On reprend la route tandis que le fleuve devient tranquillement la mer. Peu après Sainte-Flavie, là où il faut faire arrêt pour déguster une des meilleures guédilles de homard qui soient et où le soleil irise le ciel de rose lorsqu’il s’éclipse, ce sont les exceptionnels Jardins de Métis, discrètement dissimulés derrière la 132 et situés à la porte de la Gaspésie, qu’il faut prendre le temps de parcourir. Véritables merveilles horticoles, on y déambule d’un ensemble ornemental à l’autre dans un cadre paisible et enchanteur parmi les pivoines, orchidées indigènes, iris, lys, rosiers et les fameux pavots bleus.
On reprend ensuite la magnifique route sinueuse longeant quelques villages, falaises escarpées et offrant des paysages grandioses. Non loin, à l’intérieur des terres, il y a encore cette immense mer de montagnes tout de vert, les monts Chic-Chocs, vastes et sauvages où j’ai réalisé mes premières longues randonnées à l’aube de ma vingtaine. Quelques arrêts pour faire le plein de la beauté des littoraux rocailleux et on aboutit finalement à la pointe de la péninsule, là où le terme duquel est issu le nom Gaspésie prend tout son sens : en micmac, le mot Gespeg signifie « bout de la terre ». On peut en effet emprunter ici un sentier qui mène au bout du monde, ou presque, dans ce joyau qu’est le Parc national de Forillon ; on peut encore découvrir ses falaises sculptées par la mer, au magnifique Cap-Bon-Ami ; on peut prendre rendez-vous avec l’histoire au phare de Cap-des-Rosiers, plus haut phare du Canada depuis près de deux siècles. On peut enfin embrasser du regard depuis le mont Saint-Alban le splendide panorama donnant sur l’indigo du golfe et même y apercevoir quelques rorquals à l’occasion.
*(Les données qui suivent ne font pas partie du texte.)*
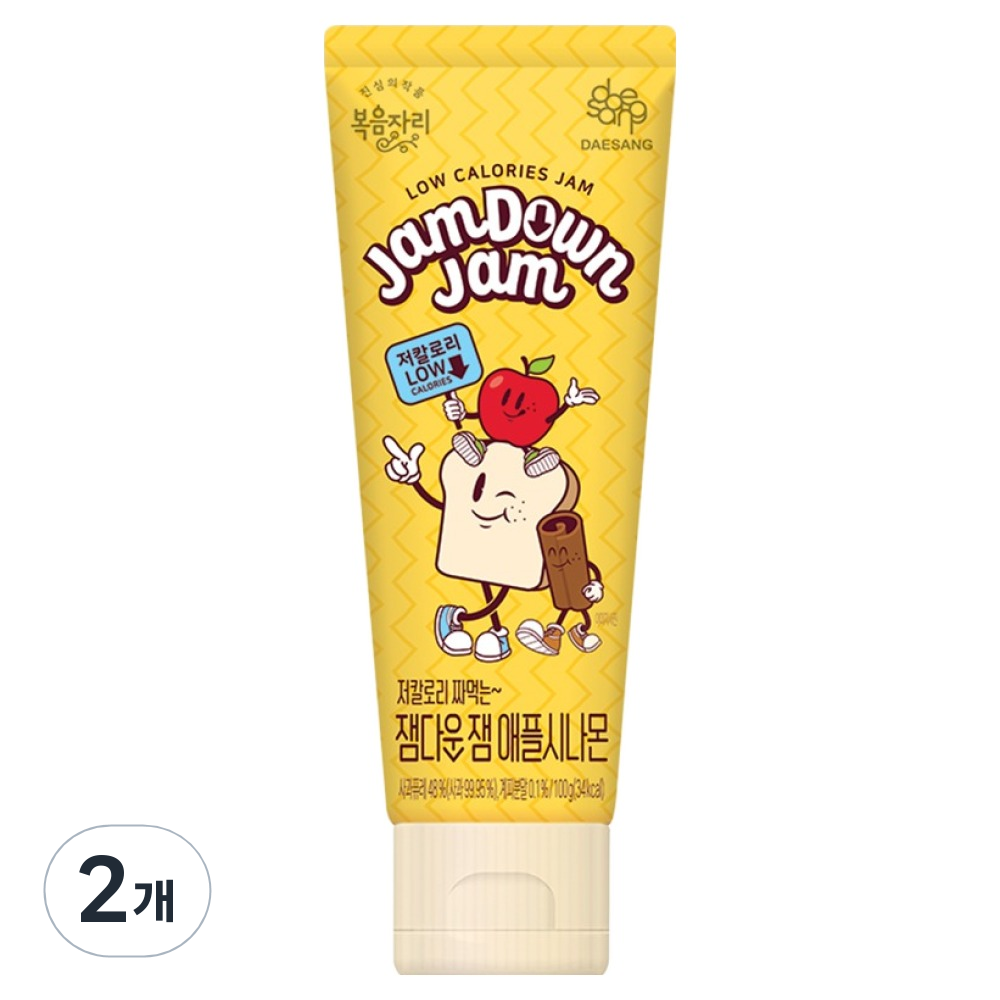 복음자리 짜먹는 잼다운잼 애플시나몬, 2개, 100g 7,500원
À la hauteur de Percé, nombreux sont ceux qui s’arrêteront devant l’immense rocher afin de l’immortaliser en photo pour repartir presque aussitôt. C’est passer à côté des beautés et secrets que recèle le parc national de l'Île-Bonaventure-et-du-Rocher-Percé. À quelques dizaines d’encablures, les parois effritées de l’île ont créé de véritables corniches qu’ont adopté pléthore d’oiseaux marins pour leur nidification. On peut les observer de loin, mais il faut assurément prendre le temps d’y faire halte pour y admirer un phénomène remarquable. Je ne sais qui de ma fille ou de moi fût la plus émerveillée de voir surgir au terme d’une randonnée traversant l’île cette vaste colonie immaculée nichée au large de Percé. Plus de 110 000 fous de Bassan qui piaillent joyeusement !
On longe ensuite la magnifique baie des Chaleurs qui se fait souvent mer d’huile. Je porte à jamais en moi cet instant qui tenait de la pure magie alors que j’accompagnais un capitaine de homardiers, lever au moment de l’aurore une centaine de casiers. Ce sont des souvenirs qui nous imprègnent à jamais, nous font vivre des réalités qu’on tient pour acquises et nous conscientisent quant à l’énorme labeur dont font preuve les pêcheurs.
Le parc national de Miguasha avec sa richesse fossilifère demeure une étonnante et fascinante découverte avant finalement de plonger dans les riches paysages verts de la vallée de la Matapédia. Grande négligée, souvent traversée à tort rapidement en fin de périple, elle est avec ses magnifiques rivières saumonées et ses lacs où pagayer une véritable bouffée d’oxygène frais avant de regagner le littoral et le vaste fleuve. On se dit alors qu’il nous faudra absolument revenir, goûter plus lentement à chaque teinte de bleu et de vert, puiser dans ces grands espaces à nouveau quiétude et équilibre.